(Items from a dataset)
□ □ □ □ □ □ □
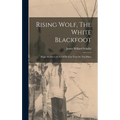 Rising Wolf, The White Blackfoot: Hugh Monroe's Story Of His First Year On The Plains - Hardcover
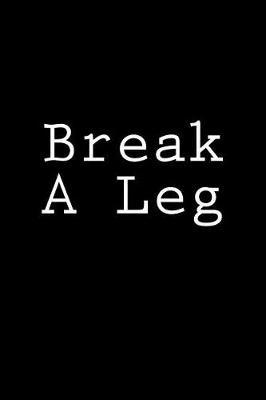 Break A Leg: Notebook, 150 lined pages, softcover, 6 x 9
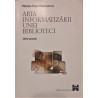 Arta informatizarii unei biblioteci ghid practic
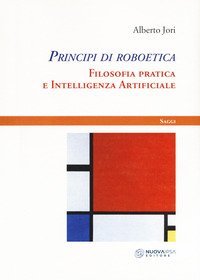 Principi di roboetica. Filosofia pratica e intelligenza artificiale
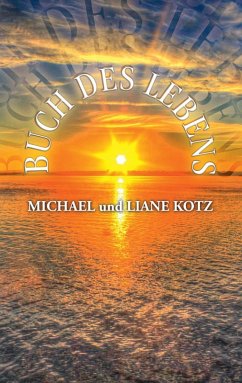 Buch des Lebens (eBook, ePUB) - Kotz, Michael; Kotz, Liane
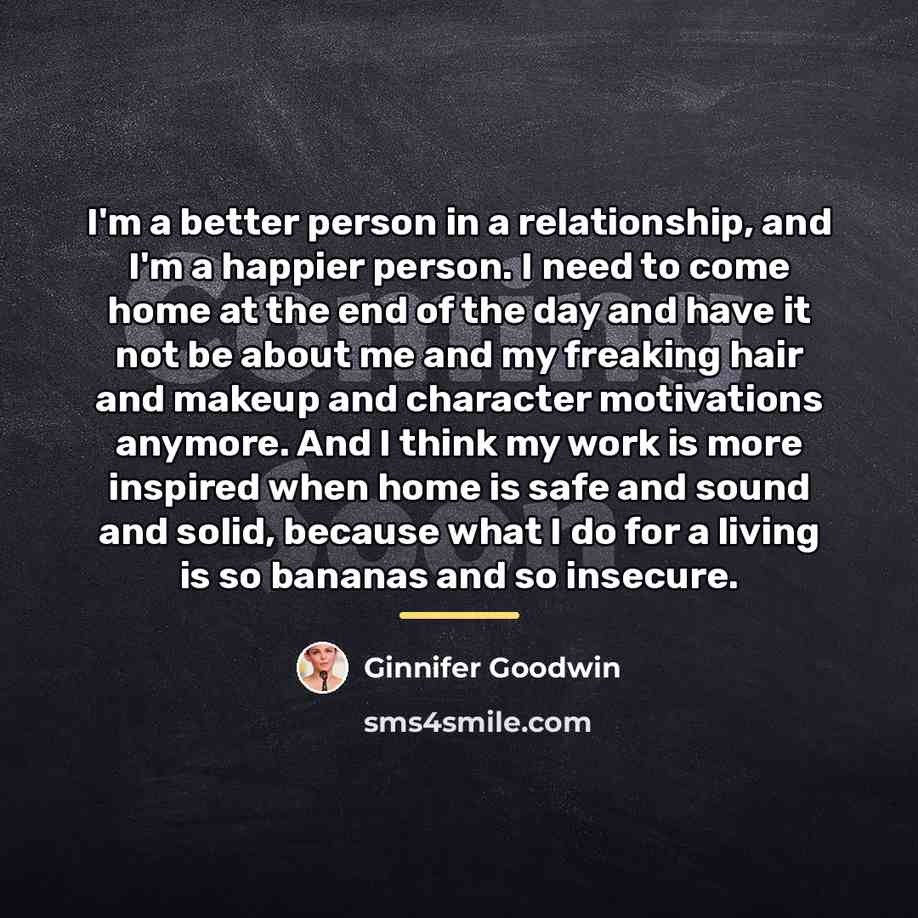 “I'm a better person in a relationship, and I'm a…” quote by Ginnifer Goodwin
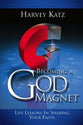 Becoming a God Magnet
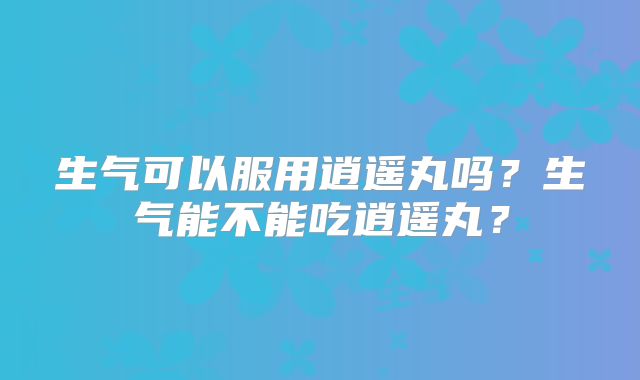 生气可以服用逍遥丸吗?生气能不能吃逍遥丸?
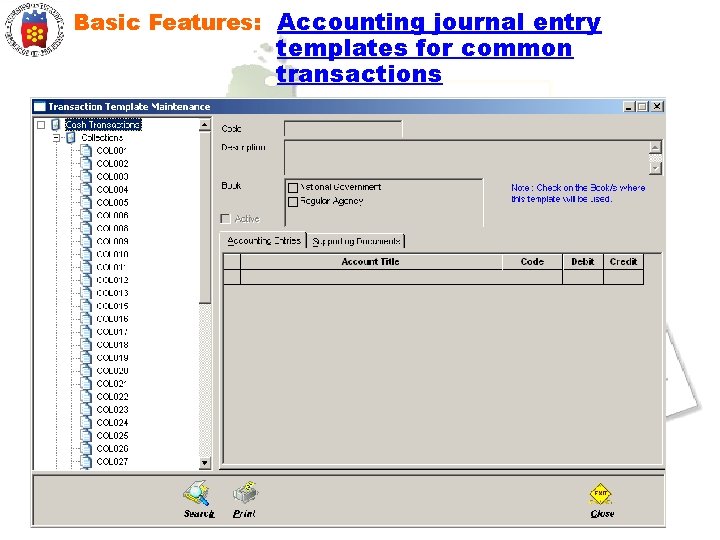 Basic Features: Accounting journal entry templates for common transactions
□ □ □ □ □ □ □
**EXERCISE OBJECTIVE:**
In the data above, find the line with "Principi di roboetica." and repeat it and every line after it through the end, exactly; leave the pictures out.

**WRITTEN SOLUTION:**
 Principi di roboetica. Filosofia pratica e intelligenza artificiale
 Buch des Lebens (eBook, ePUB) - Kotz, Michael; Kotz, Liane
 “I'm a better person in a relationship, and I'm a…” quote by Ginnifer Goodwin
 Becoming a God Magnet
 生气可以服用逍遥丸吗?生气能不能吃逍遥丸?
 Basic Features: Accounting journal entry templates for common transactions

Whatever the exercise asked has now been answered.